Data records
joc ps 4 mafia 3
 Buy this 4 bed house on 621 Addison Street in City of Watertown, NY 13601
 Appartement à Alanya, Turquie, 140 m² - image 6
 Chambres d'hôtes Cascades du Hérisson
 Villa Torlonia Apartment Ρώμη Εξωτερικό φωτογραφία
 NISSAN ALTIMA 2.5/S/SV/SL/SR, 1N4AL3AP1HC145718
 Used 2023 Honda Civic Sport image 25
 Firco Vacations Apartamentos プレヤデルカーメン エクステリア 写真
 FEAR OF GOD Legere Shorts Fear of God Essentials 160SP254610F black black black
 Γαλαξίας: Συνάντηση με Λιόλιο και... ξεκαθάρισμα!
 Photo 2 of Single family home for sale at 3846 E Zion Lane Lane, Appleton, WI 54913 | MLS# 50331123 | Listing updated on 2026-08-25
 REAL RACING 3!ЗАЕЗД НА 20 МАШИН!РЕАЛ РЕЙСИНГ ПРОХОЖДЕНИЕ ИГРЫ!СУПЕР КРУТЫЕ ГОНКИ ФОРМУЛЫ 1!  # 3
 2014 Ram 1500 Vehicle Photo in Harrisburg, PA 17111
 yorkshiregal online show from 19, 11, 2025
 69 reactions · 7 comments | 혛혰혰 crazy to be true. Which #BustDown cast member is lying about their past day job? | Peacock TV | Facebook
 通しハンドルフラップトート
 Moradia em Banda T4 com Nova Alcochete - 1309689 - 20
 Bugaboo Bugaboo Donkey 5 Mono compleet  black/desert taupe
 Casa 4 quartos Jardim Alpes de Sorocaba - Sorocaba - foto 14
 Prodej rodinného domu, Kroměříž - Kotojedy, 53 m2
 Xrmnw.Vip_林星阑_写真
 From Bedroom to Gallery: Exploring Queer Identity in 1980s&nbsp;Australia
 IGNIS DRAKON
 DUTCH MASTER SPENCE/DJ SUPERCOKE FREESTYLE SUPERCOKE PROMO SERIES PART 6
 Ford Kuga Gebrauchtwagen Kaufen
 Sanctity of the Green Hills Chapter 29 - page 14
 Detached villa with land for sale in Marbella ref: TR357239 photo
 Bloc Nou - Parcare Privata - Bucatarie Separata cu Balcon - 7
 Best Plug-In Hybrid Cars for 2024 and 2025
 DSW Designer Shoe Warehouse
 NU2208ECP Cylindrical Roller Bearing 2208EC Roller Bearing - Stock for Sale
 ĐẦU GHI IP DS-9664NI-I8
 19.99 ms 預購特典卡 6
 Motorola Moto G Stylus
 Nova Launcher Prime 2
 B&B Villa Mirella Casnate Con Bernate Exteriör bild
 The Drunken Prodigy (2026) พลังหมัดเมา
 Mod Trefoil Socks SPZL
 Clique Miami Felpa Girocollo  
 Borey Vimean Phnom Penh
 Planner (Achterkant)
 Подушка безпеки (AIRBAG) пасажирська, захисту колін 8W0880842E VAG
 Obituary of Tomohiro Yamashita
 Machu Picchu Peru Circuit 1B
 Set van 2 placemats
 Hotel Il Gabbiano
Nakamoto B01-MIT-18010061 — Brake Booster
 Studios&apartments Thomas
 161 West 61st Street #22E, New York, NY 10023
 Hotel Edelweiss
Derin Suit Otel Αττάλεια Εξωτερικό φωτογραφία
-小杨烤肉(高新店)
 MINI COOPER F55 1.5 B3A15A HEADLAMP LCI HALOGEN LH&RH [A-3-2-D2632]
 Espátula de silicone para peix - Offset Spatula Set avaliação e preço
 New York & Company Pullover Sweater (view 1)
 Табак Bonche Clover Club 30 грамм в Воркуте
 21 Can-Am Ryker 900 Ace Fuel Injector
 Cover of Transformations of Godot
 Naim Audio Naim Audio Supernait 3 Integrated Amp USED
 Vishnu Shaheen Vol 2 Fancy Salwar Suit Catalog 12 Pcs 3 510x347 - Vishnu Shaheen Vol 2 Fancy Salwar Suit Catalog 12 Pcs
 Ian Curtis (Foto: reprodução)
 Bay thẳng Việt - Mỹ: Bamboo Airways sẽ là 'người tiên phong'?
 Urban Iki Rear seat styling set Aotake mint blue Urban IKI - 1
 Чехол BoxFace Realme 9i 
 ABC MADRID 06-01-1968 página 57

## Directions
Copy each line of the entries that includes the word "Nova".

## Solution for this problem
 Moradia em Banda T4 com Nova Alcochete - 1309689 - 20
 Nova Launcher Prime 2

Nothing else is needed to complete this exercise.